Der Großhandel hat seine Preise im Juni so stark angehoben wie seit über 26 Jahren nicht mehr. Die Entwicklung gilt als Indikator für die künftige Inflation.

HB BERLIN. Die Preise stiegen nach Angaben des Statistischen Bundesamtes vom Freitag um durchschnittlich 8,9 Prozent im Vergleich zum Vorjahresmonat. Rasant steigende Nahrungsmittel- und Energiepreise sorgten für die höchste Teuerungsrate seit Januar 1982, als die Großhandelspreise um 9,5 Prozent stiegen. Im Vergleich zum Mai zogen die Preise um 0,9 Prozent an. Analysten hatten mit den Zahlen gerechnet.
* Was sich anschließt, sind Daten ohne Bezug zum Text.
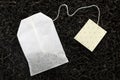 Unused tea bag with tag on dry leaves, top view. Royalty Free Stock Photo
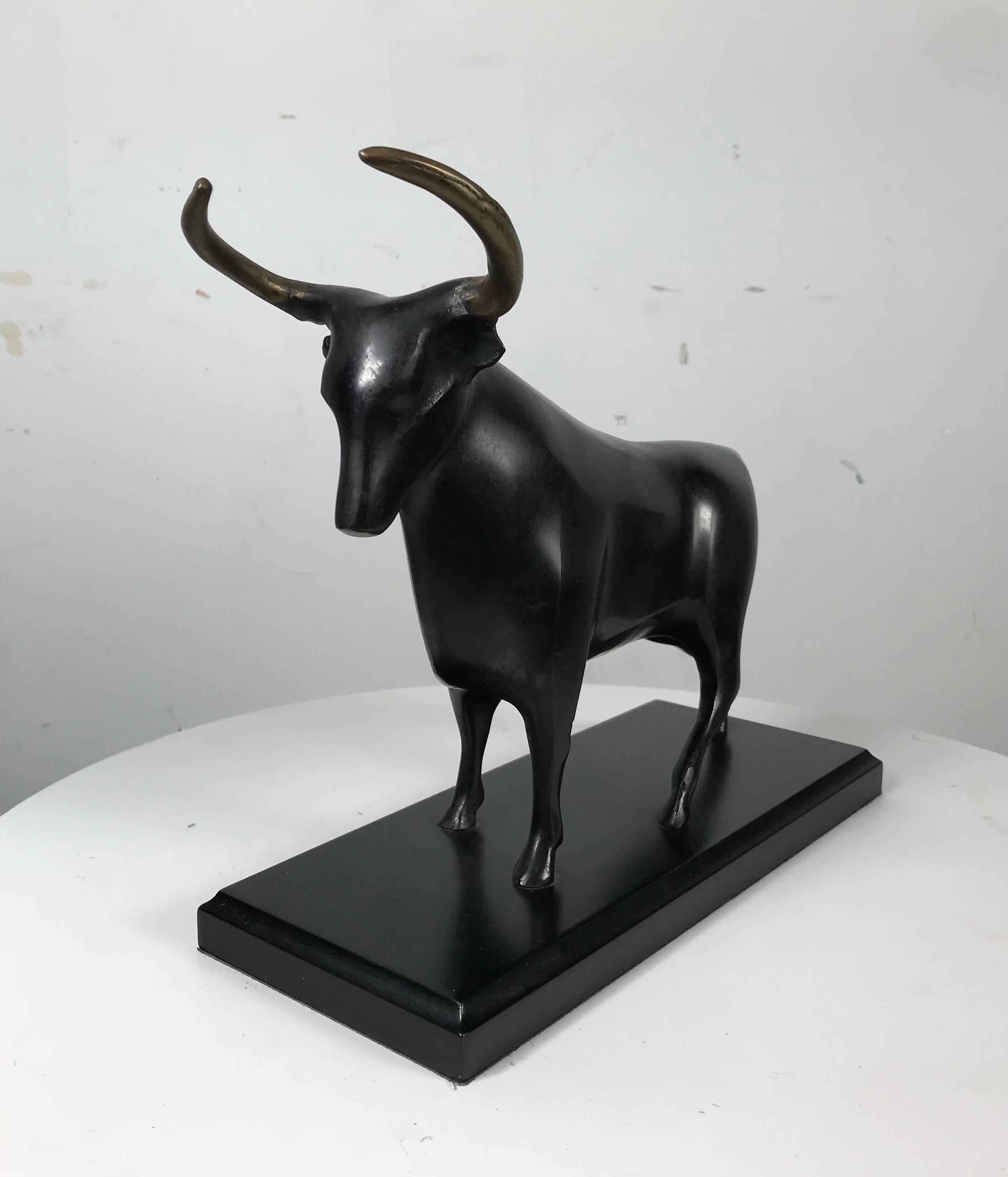 Stylized bronze bull table sculpture, beautifully executed, quality casting.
Die Preisentwicklung im Großhandel gilt als Indikator für die künftige Inflation, weil der Einzelhandel einen Teil seiner gestiegenen Einkaufskosten an die Verbraucher weiterreicht. Besonders deutlich verteuerten sich binnen Jahresfrist Getreide, Saaten und Futtermittel mit 27,9 Prozent. Die weltweit steigende Nachfrage, Ernteausfälle und die zunehmende Nutzung von Agrarprodukten für die Herstellung von Biosprit gelten als Grund für die Preisexplosion.

Milch, Milchprodukte, Eier, Speiseöle und Nahrungsfette kosteten 13,5 Prozent mehr. Für feste Brennstoffe und Mineralölprodukte wurde fast ein Viertel mehr verlangt. Bei Kaffee, Tee, Kakao und Gewürze erhöhten sich die Preise um 11,2 Prozent.